Information provided ::
----
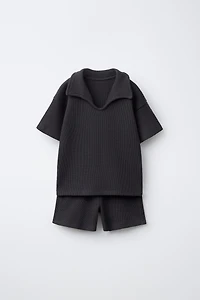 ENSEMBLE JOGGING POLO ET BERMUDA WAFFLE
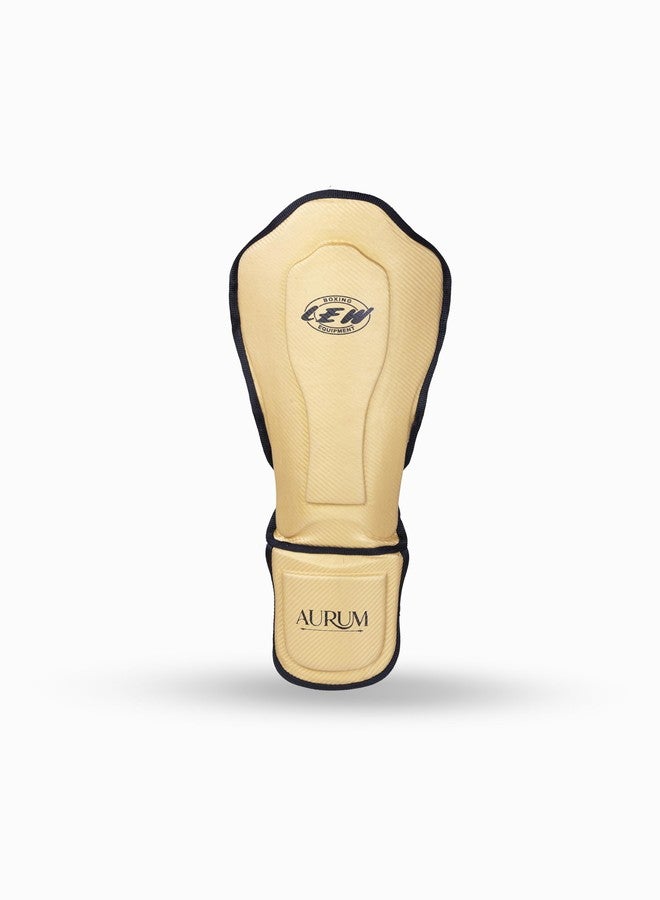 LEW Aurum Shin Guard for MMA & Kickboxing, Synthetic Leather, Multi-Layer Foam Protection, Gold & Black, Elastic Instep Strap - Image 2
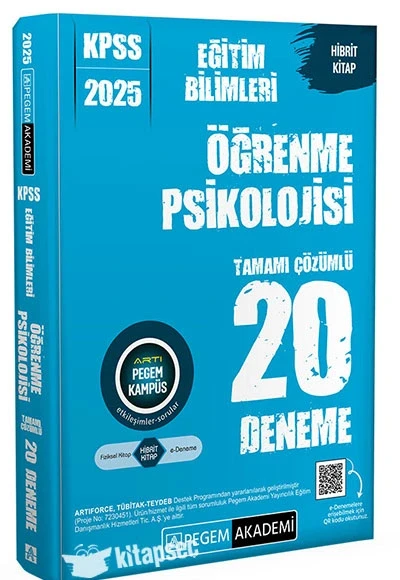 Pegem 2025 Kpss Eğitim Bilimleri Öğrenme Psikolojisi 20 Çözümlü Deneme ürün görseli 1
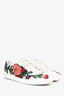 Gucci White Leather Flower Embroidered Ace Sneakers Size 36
----
Work request ::
Transcribe exactly the lines from the one holding "Pegem 2025 Kpss" through the final line of the material above, both ends included; any pictures should be dropped.

Written answer ::
 Pegem 2025 Kpss Eğitim Bilimleri Öğrenme Psikolojisi 20 Çözümlü Deneme ürün görseli 1
 Gucci White Leather Flower Embroidered Ace Sneakers Size 36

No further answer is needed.